The coalition government has praised universities as
"the driving force behind our increasingly high-tech, knowledge-based
economy" in its mid-term review.
Universities and further education were given a page and a
half in the 46-page review, published today after being launched by Prime
Minister David Cameron and Deputy Prime Minister Nick Clegg.
The document, titled The Coalition: together in the national
interest, offers little in the way of fresh policy directions for higher
education. The two innovations it identifies as future priorities - the
uncapping of recruitment for high-grade students and Key Information Sets - are
already well underway.
However, universities are likely to be pleased that the
review assigns them a central role in the economy, echoing recent comments by
George Osborne, the chancellor.
"For years, Britain has undervalued both the academic
and technical skills a modern economy needs," the review document says.

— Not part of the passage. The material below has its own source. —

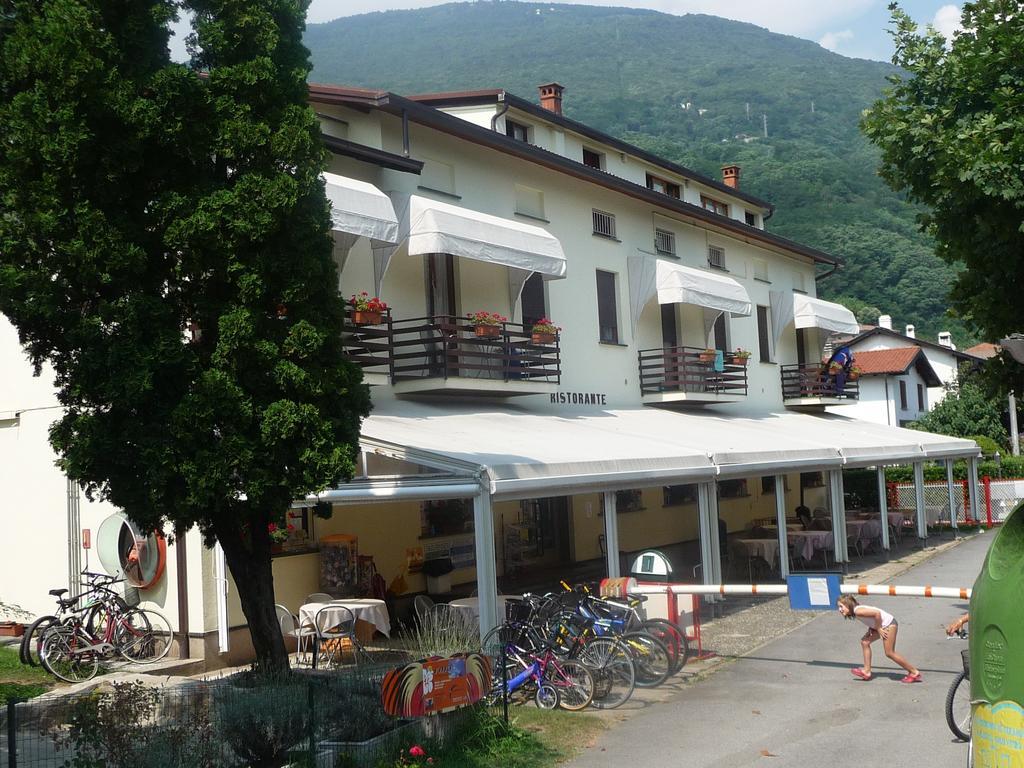 Camping Hotel Au Lac De Como Sorico Exterior photo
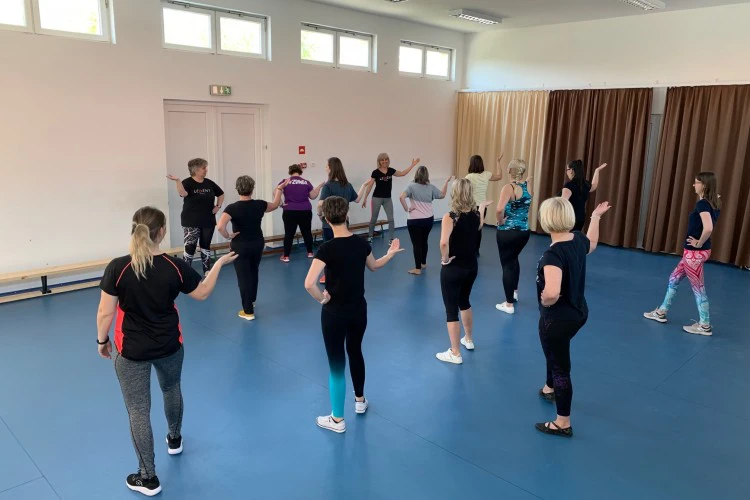 mozgas-napja-zumba-1651822906.jpg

"This government is determined to rectify both defects."
It continues: "We are willing to take the tough
decisions needed to ensure that our universities thrive. We value them for
their intrinsic, as well as their economic, worth: as seats of learning and
research dedicated to increasing the sum of human knowledge and understanding,
and as centres of innovation and invention, the driving force behind our
increasingly high-tech, knowledge-based economy."
The review also recaps funding and student finance changes.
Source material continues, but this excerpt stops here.